I was born on February 11. It was all pretty much downhill from there.
Actually, that's not entirely accurate. It was mostly downhill from there. That afternoon, there was universal rejoicing across the Earth and sky. It's easy to let that go to one's head, until one realizes that there is universal rejoicing at each and every live birth that's ever taken place anywhere, since the beginning of time. The start of a new life, however traumatic it may be for both individuals directly involved in the birth, is always a miracle. Even the birth of a Hitler or a Darth Vader is miraculous, because most evil is learned, and that takes time. And so it was at my birth. Universal rejoicing. It was ridiculously loud, roaring into my little ears a hundred times louder than my own screams. I was suddenly freezing, and the world turned bright. There were lots of blobby shapes moving all around me, poking at me, making an awful racket. The light stung my eyes, the air stung my tiny lungs and suddenly I felt really heavy. After all the poking and prodding and handling, I was wrapped up and handed to one of the blobs. This one didn't poke or prod at all; it just held me gently. This blob was soft and warm and made much nicer sounds than the other blobs. This one seemed very glad to see me.

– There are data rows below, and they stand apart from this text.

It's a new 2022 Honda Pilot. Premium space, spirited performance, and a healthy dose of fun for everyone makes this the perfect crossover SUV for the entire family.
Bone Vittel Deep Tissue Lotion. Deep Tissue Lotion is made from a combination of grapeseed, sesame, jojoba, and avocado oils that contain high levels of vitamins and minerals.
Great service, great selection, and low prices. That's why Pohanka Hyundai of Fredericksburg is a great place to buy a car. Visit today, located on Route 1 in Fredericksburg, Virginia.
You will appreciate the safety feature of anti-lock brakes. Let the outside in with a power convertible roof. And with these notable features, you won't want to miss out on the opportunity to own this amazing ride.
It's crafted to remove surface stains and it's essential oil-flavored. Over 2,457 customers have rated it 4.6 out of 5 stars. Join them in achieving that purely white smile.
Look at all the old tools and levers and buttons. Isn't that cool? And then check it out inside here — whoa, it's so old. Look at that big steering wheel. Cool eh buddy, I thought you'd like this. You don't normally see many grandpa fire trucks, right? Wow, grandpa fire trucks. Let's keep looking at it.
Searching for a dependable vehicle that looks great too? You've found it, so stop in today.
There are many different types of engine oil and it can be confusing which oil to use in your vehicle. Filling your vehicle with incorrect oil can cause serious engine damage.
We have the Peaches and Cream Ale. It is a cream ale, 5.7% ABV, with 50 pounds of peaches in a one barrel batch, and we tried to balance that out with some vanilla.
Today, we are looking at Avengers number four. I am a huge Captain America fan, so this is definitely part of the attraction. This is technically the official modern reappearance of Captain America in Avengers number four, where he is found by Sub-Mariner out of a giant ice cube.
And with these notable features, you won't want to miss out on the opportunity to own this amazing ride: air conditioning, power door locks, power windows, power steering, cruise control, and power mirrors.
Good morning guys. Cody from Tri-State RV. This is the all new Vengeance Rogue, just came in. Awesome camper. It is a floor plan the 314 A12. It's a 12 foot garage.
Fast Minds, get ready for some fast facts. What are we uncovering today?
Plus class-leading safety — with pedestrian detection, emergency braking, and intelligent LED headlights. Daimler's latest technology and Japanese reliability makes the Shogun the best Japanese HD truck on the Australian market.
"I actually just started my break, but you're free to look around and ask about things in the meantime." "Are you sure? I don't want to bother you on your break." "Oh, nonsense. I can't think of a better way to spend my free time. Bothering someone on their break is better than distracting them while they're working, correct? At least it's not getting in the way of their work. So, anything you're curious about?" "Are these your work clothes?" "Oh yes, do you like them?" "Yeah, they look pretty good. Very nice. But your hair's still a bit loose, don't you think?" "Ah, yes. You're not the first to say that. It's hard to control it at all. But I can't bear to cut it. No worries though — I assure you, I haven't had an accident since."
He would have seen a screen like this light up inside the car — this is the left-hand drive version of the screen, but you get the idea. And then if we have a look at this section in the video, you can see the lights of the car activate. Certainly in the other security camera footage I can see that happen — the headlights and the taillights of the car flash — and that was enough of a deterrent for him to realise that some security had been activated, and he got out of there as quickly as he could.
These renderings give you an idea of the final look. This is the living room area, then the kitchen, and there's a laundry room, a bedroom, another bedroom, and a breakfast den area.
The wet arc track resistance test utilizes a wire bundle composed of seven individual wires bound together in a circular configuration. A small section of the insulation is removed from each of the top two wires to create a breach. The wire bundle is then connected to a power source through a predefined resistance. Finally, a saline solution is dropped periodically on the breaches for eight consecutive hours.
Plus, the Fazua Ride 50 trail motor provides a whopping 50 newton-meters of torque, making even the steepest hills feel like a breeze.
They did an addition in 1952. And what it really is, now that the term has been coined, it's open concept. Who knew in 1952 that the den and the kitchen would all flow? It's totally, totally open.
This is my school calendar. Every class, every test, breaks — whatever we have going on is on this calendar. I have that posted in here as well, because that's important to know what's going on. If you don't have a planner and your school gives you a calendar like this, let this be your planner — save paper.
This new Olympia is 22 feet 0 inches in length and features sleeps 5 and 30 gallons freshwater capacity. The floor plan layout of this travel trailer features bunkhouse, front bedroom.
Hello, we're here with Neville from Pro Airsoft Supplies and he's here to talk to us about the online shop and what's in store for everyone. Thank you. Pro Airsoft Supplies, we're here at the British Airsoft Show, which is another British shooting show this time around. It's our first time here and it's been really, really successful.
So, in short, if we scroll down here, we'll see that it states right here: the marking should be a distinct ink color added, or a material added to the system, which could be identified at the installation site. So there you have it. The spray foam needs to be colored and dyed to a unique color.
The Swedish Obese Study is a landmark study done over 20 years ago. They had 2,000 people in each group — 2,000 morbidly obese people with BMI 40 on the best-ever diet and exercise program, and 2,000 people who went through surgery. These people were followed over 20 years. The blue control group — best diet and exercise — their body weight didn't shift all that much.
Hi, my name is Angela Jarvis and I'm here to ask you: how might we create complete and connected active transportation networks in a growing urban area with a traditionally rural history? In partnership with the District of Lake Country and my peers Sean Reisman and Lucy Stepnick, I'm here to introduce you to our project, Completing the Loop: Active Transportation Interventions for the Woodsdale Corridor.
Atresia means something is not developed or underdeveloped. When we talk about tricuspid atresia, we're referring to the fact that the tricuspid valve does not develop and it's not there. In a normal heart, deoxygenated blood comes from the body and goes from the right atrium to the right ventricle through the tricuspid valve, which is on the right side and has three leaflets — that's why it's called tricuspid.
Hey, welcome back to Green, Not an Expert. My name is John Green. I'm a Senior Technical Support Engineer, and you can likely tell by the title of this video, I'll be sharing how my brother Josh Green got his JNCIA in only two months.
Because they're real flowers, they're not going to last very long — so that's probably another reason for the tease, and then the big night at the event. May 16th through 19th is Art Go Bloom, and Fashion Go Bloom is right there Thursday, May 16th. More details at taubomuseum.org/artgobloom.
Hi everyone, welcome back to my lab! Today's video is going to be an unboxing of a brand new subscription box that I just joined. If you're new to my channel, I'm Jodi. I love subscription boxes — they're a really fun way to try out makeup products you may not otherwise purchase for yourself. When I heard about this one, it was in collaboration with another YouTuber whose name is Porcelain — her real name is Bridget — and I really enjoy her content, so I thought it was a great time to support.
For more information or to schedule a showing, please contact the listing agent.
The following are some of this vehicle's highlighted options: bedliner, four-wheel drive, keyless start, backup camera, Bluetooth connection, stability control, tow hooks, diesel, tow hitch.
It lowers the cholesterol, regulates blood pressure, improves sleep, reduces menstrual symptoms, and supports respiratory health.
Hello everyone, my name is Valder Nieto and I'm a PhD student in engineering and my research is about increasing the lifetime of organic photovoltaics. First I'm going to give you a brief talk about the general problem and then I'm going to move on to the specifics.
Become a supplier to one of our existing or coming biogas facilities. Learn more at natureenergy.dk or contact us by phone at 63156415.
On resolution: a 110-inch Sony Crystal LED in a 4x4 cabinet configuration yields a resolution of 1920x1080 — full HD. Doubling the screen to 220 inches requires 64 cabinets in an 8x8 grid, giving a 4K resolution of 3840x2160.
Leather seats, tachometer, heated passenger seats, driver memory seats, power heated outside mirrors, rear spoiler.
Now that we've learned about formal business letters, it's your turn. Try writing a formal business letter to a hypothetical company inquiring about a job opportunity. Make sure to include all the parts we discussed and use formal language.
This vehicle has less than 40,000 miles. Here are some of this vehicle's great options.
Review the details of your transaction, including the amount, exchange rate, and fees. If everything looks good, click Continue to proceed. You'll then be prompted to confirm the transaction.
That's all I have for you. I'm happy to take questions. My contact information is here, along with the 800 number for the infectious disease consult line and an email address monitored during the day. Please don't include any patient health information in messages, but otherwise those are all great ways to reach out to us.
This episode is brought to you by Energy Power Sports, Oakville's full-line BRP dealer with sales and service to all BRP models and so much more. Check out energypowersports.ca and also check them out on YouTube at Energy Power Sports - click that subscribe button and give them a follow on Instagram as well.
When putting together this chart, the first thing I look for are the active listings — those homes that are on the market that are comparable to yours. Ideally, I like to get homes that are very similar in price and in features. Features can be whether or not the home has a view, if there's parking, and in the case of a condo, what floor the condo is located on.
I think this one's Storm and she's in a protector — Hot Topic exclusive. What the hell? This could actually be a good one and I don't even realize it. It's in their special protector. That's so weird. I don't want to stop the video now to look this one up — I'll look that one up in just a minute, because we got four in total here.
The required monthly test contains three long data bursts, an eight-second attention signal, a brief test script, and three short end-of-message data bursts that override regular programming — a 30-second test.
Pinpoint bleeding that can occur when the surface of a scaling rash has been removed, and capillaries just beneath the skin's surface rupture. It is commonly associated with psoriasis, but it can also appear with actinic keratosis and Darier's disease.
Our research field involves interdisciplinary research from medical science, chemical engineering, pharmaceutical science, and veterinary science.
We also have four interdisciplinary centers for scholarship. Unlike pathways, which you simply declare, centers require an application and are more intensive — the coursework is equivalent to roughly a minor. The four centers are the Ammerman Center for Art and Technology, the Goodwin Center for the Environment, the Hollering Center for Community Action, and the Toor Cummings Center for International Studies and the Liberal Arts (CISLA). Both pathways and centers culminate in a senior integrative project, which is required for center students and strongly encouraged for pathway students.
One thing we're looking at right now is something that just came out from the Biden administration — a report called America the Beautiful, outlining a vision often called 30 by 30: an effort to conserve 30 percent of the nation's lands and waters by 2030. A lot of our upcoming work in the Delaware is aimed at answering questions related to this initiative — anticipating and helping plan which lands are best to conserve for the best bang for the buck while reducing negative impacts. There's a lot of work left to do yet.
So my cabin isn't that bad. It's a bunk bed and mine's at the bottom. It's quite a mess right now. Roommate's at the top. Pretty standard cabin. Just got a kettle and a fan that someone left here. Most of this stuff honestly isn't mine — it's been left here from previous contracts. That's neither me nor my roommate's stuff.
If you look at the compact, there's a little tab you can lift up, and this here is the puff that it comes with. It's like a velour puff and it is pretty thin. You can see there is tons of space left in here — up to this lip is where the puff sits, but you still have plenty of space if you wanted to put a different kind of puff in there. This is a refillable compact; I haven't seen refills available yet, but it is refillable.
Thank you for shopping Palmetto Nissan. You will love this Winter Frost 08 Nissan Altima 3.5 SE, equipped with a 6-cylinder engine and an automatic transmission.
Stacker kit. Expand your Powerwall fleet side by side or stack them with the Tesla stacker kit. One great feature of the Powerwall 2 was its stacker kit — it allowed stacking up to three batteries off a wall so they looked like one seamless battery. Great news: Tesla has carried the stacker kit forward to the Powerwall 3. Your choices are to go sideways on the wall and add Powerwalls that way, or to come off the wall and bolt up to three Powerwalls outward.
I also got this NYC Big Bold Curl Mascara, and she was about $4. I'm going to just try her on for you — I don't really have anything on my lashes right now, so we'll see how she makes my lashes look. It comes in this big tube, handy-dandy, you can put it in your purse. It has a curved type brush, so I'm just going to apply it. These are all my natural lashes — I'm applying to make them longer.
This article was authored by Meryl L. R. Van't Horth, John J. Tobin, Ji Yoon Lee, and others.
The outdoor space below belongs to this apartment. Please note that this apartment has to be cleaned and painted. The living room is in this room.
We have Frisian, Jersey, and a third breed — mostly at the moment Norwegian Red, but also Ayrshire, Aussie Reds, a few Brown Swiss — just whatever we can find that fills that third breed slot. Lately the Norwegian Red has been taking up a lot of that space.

"Joseph Something Blognomen. Born today at Holy Cross Hospital in Silver Spring, Maryland to proud parents Carl and Ellen Blognomen of Rockville. 8 pounds, 5 ounces. 20 1/2 inches. Two eyes, some hair. Mother and son are both resting comfortably, although son keeps complaining about how cold he is and asking the nurses to "turn off the [expletive] lights." Not surprisingly, he looks exactly like a miniature Winston Churchill. He has an older sister, Mary and an older brother, John. Well of course they're older. How could he have younger siblings?
"The boy's brain is already highly developed. In fact, he will be much smarter than most people, just not nearly as smart as he'll think he is. Sadly, this vast intelligence will be badly underutilized, due in large part to the boy's freakishly-huge laziness gland. Bet you didn't know that "lazy" was secreted by a gland. Well it is. He's expected to be a C-plus or B-minus student, disappointing his parents and teachers who will occasionally glimpse his unapplied potential. This mediocrity will be a source of constant frustration for him, but he'll rarely have the energy to bother being great at anything. He will be perceptive but rather short of tolerance. He'll be creative, but this too will be stifled by his own inertia. His most consistent trait will be his penchant for inconsistency; he'll learn to hate having people figure him out. He'll become very good at pushing people's buttons. His parents will take great pleasure in attending back-to-school nights, where they'll get to play 'Spot the teacher that will eventually call us about Joe's behavior.' The boy's exploits as a difficult student and class clown will give his kin virtually limitless material for family gatherings forever.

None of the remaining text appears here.